WORK INSTRUCTION: From the line containing "ʡIO DATA LCD-AH221EDB-B" down to the last line of the data, output each line word for word and include nothing else.

Data items:
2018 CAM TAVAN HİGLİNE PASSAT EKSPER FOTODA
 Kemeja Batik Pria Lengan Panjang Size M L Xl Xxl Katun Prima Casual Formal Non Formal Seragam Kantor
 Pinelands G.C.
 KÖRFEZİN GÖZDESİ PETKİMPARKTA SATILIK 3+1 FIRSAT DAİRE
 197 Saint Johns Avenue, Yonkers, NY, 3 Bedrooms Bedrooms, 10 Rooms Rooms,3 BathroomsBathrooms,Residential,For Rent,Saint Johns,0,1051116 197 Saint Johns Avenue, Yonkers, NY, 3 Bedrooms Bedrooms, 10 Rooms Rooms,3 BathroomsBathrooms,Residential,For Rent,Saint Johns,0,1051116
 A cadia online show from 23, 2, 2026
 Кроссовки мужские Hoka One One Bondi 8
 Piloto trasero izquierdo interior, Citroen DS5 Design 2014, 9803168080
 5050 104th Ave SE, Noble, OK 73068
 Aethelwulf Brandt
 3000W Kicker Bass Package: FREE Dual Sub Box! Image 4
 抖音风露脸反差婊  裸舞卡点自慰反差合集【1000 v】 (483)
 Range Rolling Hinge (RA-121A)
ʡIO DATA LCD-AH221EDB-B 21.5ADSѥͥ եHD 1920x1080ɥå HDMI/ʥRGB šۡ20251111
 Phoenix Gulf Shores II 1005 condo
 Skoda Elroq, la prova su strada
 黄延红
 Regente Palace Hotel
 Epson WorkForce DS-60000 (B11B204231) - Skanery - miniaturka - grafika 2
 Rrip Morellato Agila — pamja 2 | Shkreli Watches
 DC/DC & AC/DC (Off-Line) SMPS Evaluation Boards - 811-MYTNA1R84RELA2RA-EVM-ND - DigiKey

EXERCISE OUTPUT:
ʡIO DATA LCD-AH221EDB-B 21.5ADSѥͥ եHD 1920x1080ɥå HDMI/ʥRGB šۡ20251111
 Phoenix Gulf Shores II 1005 condo
 Skoda Elroq, la prova su strada
 黄延红
 Regente Palace Hotel
 Epson WorkForce DS-60000 (B11B204231) - Skanery - miniaturka - grafika 2
 Rrip Morellato Agila — pamja 2 | Shkreli Watches
 DC/DC & AC/DC (Off-Line) SMPS Evaluation Boards - 811-MYTNA1R84RELA2RA-EVM-ND - DigiKey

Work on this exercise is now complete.